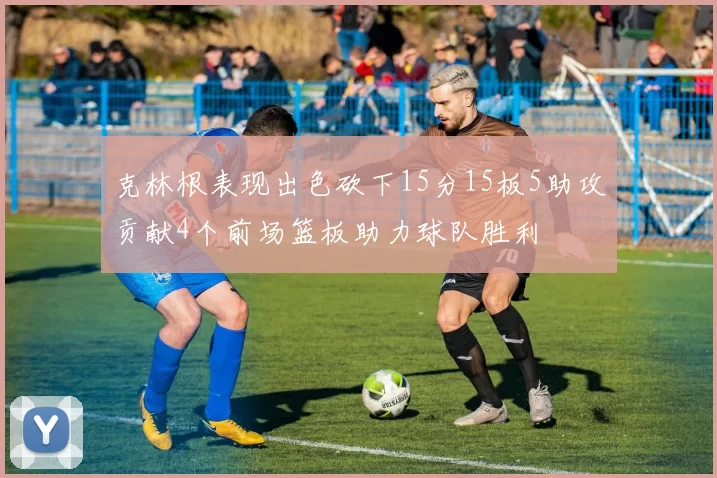 克林根表现出色砍下15分15板5助攻贡献4个前场篮板助力球队胜利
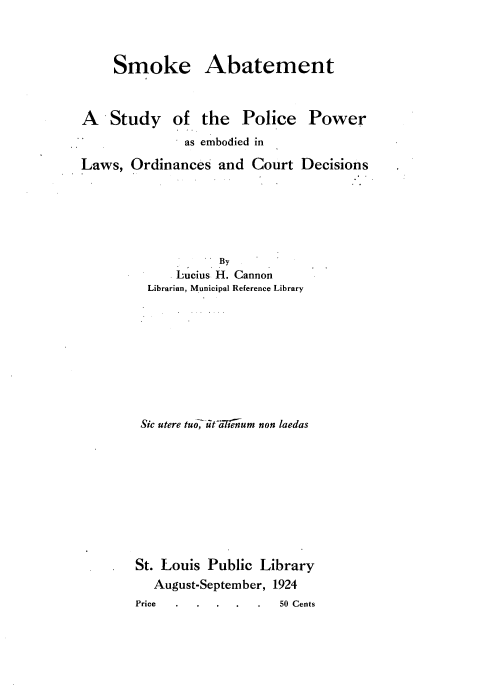 handle is hein.beal/smokabt0001 and id is 1 raw text is: 



Smoke Abatement


A Study of the


Police


as embodied in


Laws, Ordinances and Court


           By
      Lucius. H. Cannon
  Librarian, Municipal Reference Library








  Sic utere tu_ it'a-Nli'um non laedas









St. Louis Public Library
   August-September, 1924


Power


Decisions


Price


50 Cents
• • • •
* WHAT THIS TASK INVOLVES *
Show, from the records above, every line that includes "Library".

* SOLUTION *
  Librarian, Municipal Reference Library
St. Louis Public Library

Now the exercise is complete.